■ **TASK DESCRIPTION**:
Leave the pictures out and repeat the rest of the data below exactly.

■ **DATASET CONTENT**:

--

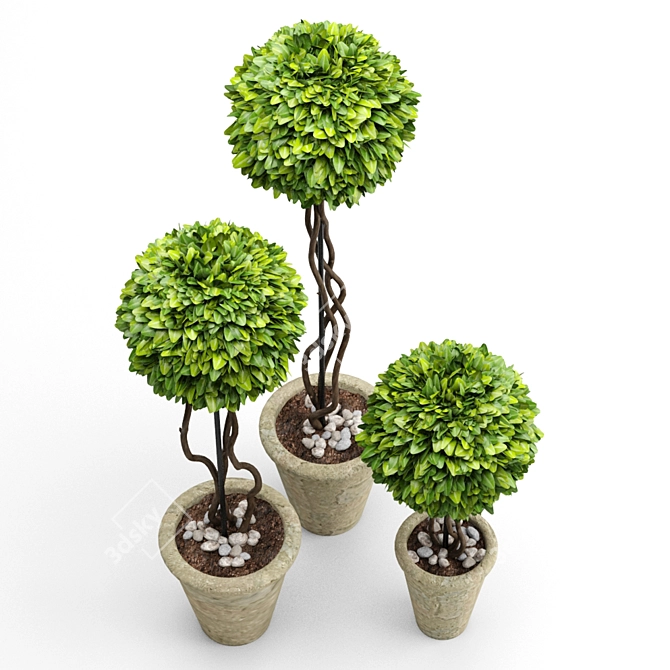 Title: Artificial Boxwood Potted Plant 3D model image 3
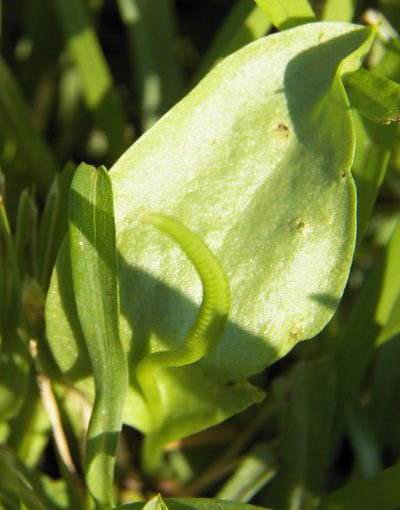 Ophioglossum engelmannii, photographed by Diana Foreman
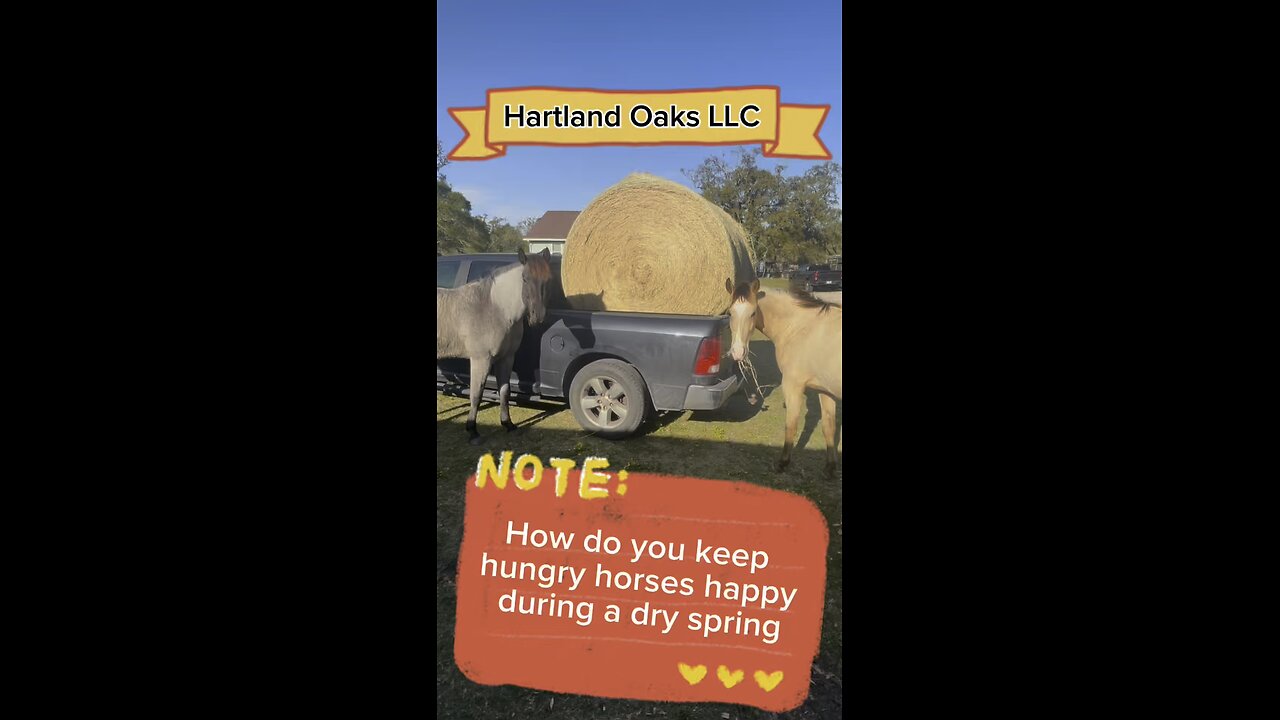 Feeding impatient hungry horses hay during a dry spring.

--

■ **PROBLEM SOLUTION**:
 Title: Artificial Boxwood Potted Plant 3D model image 3
 Ophioglossum engelmannii, photographed by Diana Foreman
 Feeding impatient hungry horses hay during a dry spring.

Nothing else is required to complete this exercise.